MaxAnte: What are some of the actual, real world, tangible benefits of full Enlightenment?
Daniel Ingram: This kind of painful process that was literally sort like a ‘low grade headache’ (best way to explain it) stopped. That was just delightful, and in its place there’s a sense of synchrony. Synchrony just feels really nice. Everything synchronizes with itself. Before, everything feels out of phase. There is this that and then my knowing of it. There where this that and then this, and I was here and I was there. There was this always sense of jarring out-of-phaseness, which somehow experientially is just unpleasant. It’s suffering. It’s a fundamental type of suffering.
And when that stopped, the sense of synchrony and naturalness is substantially more delightful, just experientially. And that keeps on being substantially more delightful, moment after moment. It’s like a pleasure you don’t get a tolerance to. It’s a niceness that every moment is just as nice as the moment before, in that specific way.
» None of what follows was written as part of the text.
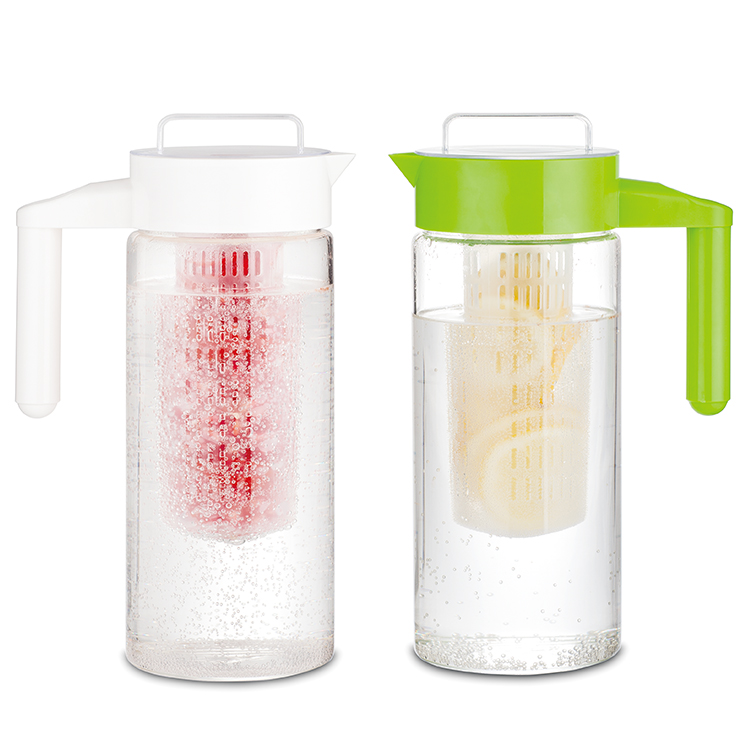 Sinoglass wholesale borosilicate glass infusion pitcher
That doesn’t mean that things can’t be unpleasant, but that quality is also there, even in very unpleasant things. So I’m not meaning to say there’s not the perception of pain or that everything is always nice. It isn’t. There’s still pain, but that quality of synchrony is simply delightful and is always happening. Actually, I’ve come to appreciate it more as time has gone on it. Continues to sort of be like ‘yeah’, almost like there’s like … as it sort of cascades through all other aspects of mind and situations and conditioning.
It’s fascinating to see some memory –I may not have had in 20 years– come up, and now it arises in this totally different space, where identity is nothing like the solid sticky thing it was before. And now it’s just a thought and space. That rewires something in the brain that now that memory –which might have been painful or complicated– is now arising in a space that is so much more clear and open. And in which thought, rather than being contracted into, is literally just this super wispy thing in this big echoey room that is so much nicer … Also, there will be meetings and I’m looking around like I’m the only person in the room full-time. If you’re the person who’s really in the room and everybody else isn’t in the meeting, that’s a real advantage!
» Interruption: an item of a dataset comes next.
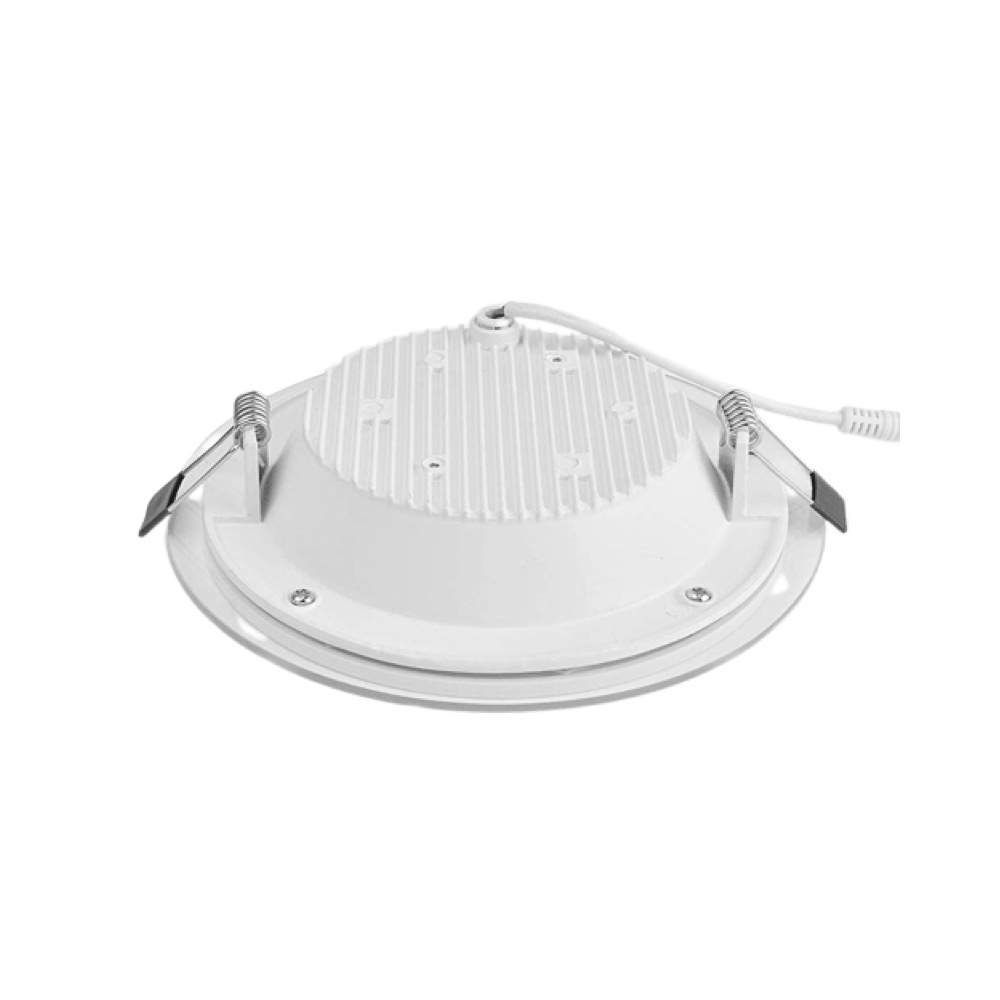 3' 4' 5' diodo emissor de luz 3CCT Recessed vidro Downlights Dimmable AC120V ETL certificado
MaxAnte: So, you think there are some actually real-world advantages here that you’re experiencing ongoingly?
Daniel Ingram: Sure, because people are constantly like “oh, I wasn’t really present for that … I wasn’t really into that”. Well, now the cool thing about being awake is that the holodeck no longer being filtered through the serial line that was constantly getting interrupted, and turning to the imagined holodeck –there was another holodeck– would tuned out the sort of consensus holodeck when it’s tuned to its internal holodeck … well, that’s not happening in that way. The default is now the consensus holodeck (as much as anything can be a consensus when we all have our own advantage points).
Speaking in relative terms, but ignoring all the ontological problems –I don’t want to go into that–, basically the room and being in the room (or the space or the field or wherever you are) is the default. Whereas before, tuning out was the default. Being lost in thought was the default. The default mode network being activated to-not-really-be-here was the default. Now the natural default is to be here. And by the way, if I really need to, I can check my calendar and perform a cognitive task that for some reason like to do that high level function I really kind of need to tune out the room a little bit, that can happen. But then the room is back as soon as that stops. Whereas before, it was the other way around. This is substantially better.
The other thing is the proportionality, which is a hard thing to explain. 99% of this room –even if I’m in pain somewhere– has no pain. And this is the vast experience, so the whole room is the experience evenly in some kind of way. Let’s say I have a pain in my knee: it’s no bigger than it is. In comparison to the volume of the space, it’s still really small. And the mind is also not doing that contracted exaggerating thing it used to do, where it would take the pain or make this big thing out of it and ignore all the areas that were neutral or even pleasant, that it becomes the sort of fixation. Whereas (now) even when I have pain in one place, most other places are neutral and or might even feel nice.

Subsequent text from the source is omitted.